Dave Bittner: The Natanz blast looks like traditional sabotage. CISA releases its strategy for securing industrial control systems. Authorities in Germany seize DDoSecrets' server pursuant to a U.S. request. Microsoft takes down COVID-19-themed BEC and phishing infrastructure. The FBI director denounces China's cyber-espionage. Joe Carrigan helps review personal privacy measures for iOS and Android.
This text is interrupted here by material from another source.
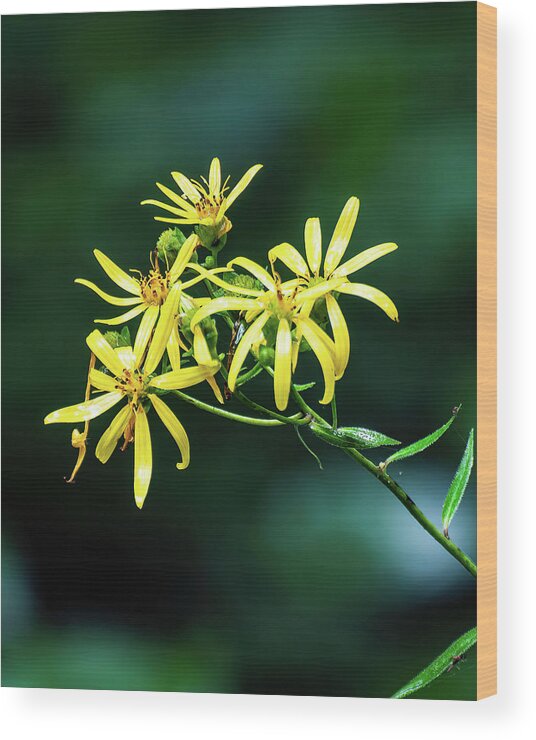 Whorled Rosinweed Wood Print featuring the photograph Whorled Rosinweed - 001 by Flees Photos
Our guest is Steve Moore from Exabeam with insights from a year spent interviewing CISOs. And a look at some DDoS and ransomware attempts.
Dave Bittner: From the CyberWire studios at DataTribe, I'm Dave Bittner with your CyberWire summary for Wednesday, July 8, 2020.
Dave Bittner: It appears increasingly likely that the explosion at Iran's Natanz nuclear facility was sabotage and not a cyberattack. EurAsian Times has a summary of the emerging consensus. The connections, if any, between the Natanz incident and damage recently worked elsewhere in Iran remain unclear, Haaretz notes, but it does seem that Iran's nuclear program figures on some adversary's target list. As usual, international tensions can be expected to bring cyberconflict in their train, but the explosion at Natanz seems to have been produced by an old-school infernal machine physically introduced into the facility's premises. So case almost closed on claims of a cyberattack.
Dave Bittner: The US Cybersecurity and Infrastructure Security Agency yesterday released its strategy document, "Securing Industrial Control Systems: A Unified Initiative." The agency describes its strategy as a multiyear, focused approach to improve CISA's ability to anticipate, prioritize and manage national-level ICS risk. The goals enunciated in the document are, first, empower the ICS community to defend itself. Second, coordinate whole community response and mitigation capabilities to respond to the most significant ICS threats and incidents. Third, vastly improve the community's capability to ingest, synthesize and provide actionable intelligence to ICS asset owners. Fourth, inform ICS investments and proactive risk management of NCFs - that is, national critical functions. Fifth, unify capabilities and resources of the federal government. Sixth, move to proactive ICS security. And, finally, drive positive, sustainable and measurable changes to the ICS risk environment.
Dave Bittner: Vice reports that police in Germany have seized the server used by DDoSecrets, the aspiring successor to WikiLeaks. DDoSecrets doesn't yet know why the server was taken, but the group's leader reasonably assumes it has to do with the BlueLeaks program of doxxing of some 200 US police departments. German news outlets report that the public prosecutor said the server was seized provisionally in response to a request for preliminary security in the context of international legal assistance in criminal matters. It was taken on Friday, pursuant to a US request. It will be up to the Federal Office of Justice to determine whether the server and its contents will eventually be turned over to US authorities.
Dave Bittner: And good hunting, Microsoft. The company's Digital Crimes Unit has taken down infrastructure criminals were using to run COVID-19 phishing scams against consumers. The takedown was authorized by the US District Court for the Eastern District of Virginia, and it affected key domains used for business email compromise attacks against targets in more than 60 countries.
Dave Bittner: At a speech before the Hudson Institute yesterday, US FBI Director Wray denounced Chinese intelligence operations as serving Beijing's ambitions to become the world's dominant power, according to Axios. The Communist Party of China, Director Wray said, believes it's in a generational fight to become the world's sole superpower and that Beijing's assertiveness in cyberspace is a consequence of the strategy that flows from that belief.
Dave Bittner: Industrial espionage and attendant theft of intellectual property figures prominently in that strategy. Wray called the losses to IP theft in particular one of the largest transfers of wealth in history, but there are other dimensions to the conflict in cyberspace than this. A pervasive threat to privacy is one of these - quote, "if you are an American adult, it is more likely than not that China has stolen your personal data. Our data isn't the only thing at stake here. So are our health, our livelihoods and our security," end quote. And the bureau is being kept busy, too - quote, "we've now reached the point where the FBI is opening a new China-related counterintelligence case approximately every 10 hours," end quote.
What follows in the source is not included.